The film is interspersed with sweet interviews of couples who tell their own tales of love triumphing over all. While the anecdotes are staged, they feel real and are a nice touch to a movie that asks its audience to identify with its lead characters. As Harry, Crystal is ever-pessimistic but also an evidently good man beneath his abrasive personality. He finds the right tone of voice as he plunges through monologues that are recited perhaps not only from experience, but from memory... and repetition. Ryan is her usual pixie self as Sally, but the role seems underwritten during parts when she picks fights with Harry at the times when she loves him the most.

Directed by Rob Reiner, When Harry Met Sally... will mean something different to each person who watches it.
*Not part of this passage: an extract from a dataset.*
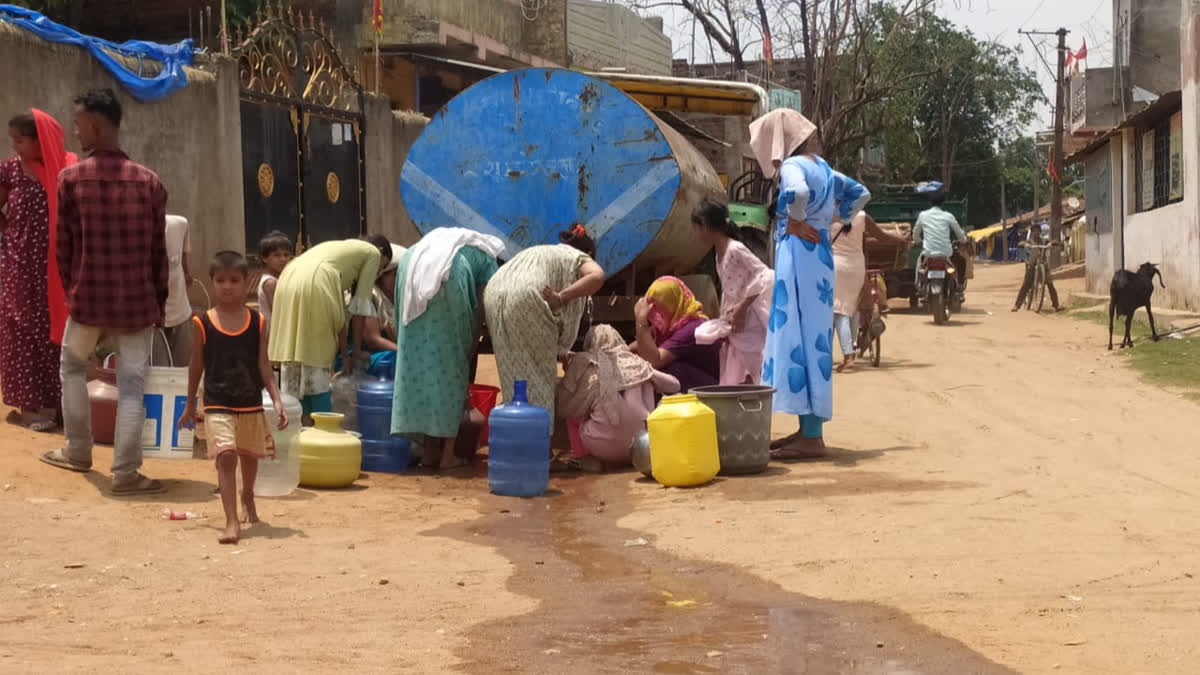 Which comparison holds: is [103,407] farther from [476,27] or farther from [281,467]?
[476,27]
Thanks to the set-up of some of the topics of conversation in the movie, it opens the door to subject matter about love, life, dreams and friendship. And although it falters from time to time, it is always well-intentioned and inoffensive, has some pretty good laughs, and finds a way to portray the bridged gap between the sexes without actually taking sides.

On a side note, I noticed When Harry Met Sally... is rated R, despite no nudity, violence, drug use or even language other than the "F" word a total of two times. Meg Ryan's infamous restaurant scene aside, this movie is usually broadcast complete and as is on TV all the time. The R rating doesn't make any sense to me.